In GSE76427, the results showed that the 7-gene signature was not significantly associated with sex, age, BCLC (Barcelona Clinic Liver Cancer) or TNM stage (Table Ⅲ).
3.6 Independent prognostic role of the prognostic gene signature
Moreover, the results of univariate Cox regression showed that the TNM stage (HR=1.680, p<0.001) and our prognostic model (HR=3.607, p<0.001) were both independent factors for recurrence-free survival among the 334 TCGA-LIHC patients. However, among the 108 patients in the GSE76427 cohort, TNM stage was not an independent prognostic factor for recurrence-free survival(18). The prognostic model (HR=2.407, p=0.014) was also an independent factor for recurrence-free survival. (Figure 4).

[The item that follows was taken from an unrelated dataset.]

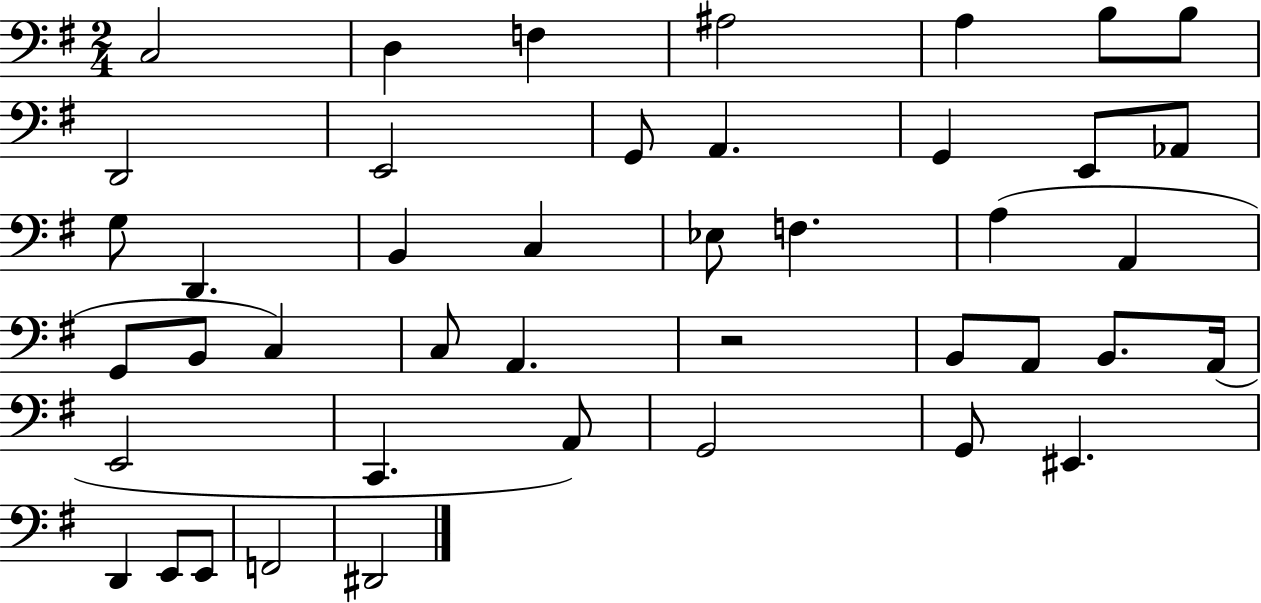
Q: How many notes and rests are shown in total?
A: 43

3.7 Comparison with the TNM stage model and BCLC model
To compare the accuracy of the prognostic model and the TNM model, we calculated the AUC for 12-month, 15-month, and 18-month recurrence-free survival. In the TCGA-LIHC dataset, the prognostic model’s AUCs for 12-month, 15-month, and 18-month RFS were 0.7768, 0.7934, and 0.7529; the TNM model’s AUCs for 12-month, 15-month, and 18-month RFS were 0.6884, 0.7026, and 0.6721, respectively (Figure 5). In the GSE76427 dataset, the prognostic model’s AUCs for 12-month, 15-month, and 18-month RFS were 0.6159, 0.6118, and 0.6217; the TNM model’s AUCs for 12-month, 15-month, and 18-month RFS were 0.6122, 0.6009, and 0.5762, respectively. In addition, the BCLC model’s AUCs for 12-month, 15-month, and 18-month RFS were 0.5669, 0.5627, and 0.5684, respectively (Table Ⅳ). Overall, our prognostic model showed benefit for predicting recurrence-free survival, which might help doctors with targeted treatment (Figure 6).

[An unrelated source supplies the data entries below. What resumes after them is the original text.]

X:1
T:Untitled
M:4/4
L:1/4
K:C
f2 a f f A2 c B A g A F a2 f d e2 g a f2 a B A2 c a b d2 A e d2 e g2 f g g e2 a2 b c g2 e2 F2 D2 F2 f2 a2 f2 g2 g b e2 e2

3.8 Development of the calibration curve
We calculated the C-index and drew the calibration curves for the 12-, 15- and 18-month survival predictions to evaluate the calibration in the TCGA-LIHC dataset and the GSE76427 dataset. The C-index in the TCGA-LIHC dataset is 0.717 and in the GSE76427 dataset is 0.647, as shown in Figures 7 and 8.
3.9 External validation in an online database
The representative protein expression of SLCO2A1, PPAT, GAS2L3, CD3EAP, ACAT1 were explored in the Human Protein Profiles. Then we explored the TTK, C16orf54, PPAT, CD3EAP, SLCO2A1, ACAT1, and GAS2L3 genes in the CBioPortal for cancer genomics. TTK exhibited the most frequent genetic alterations (3%), of which deep deletion was the most frequent alteration. The second most altered gene was CD3EAP (1.3%), and the most frequent alterations were amplification mutations (Figure 9). The expression of the seven genes in different cancers were shown in Figure 10. In summary, the aberrant expression of these seven genes may explain some of the abnormal expression of these genes.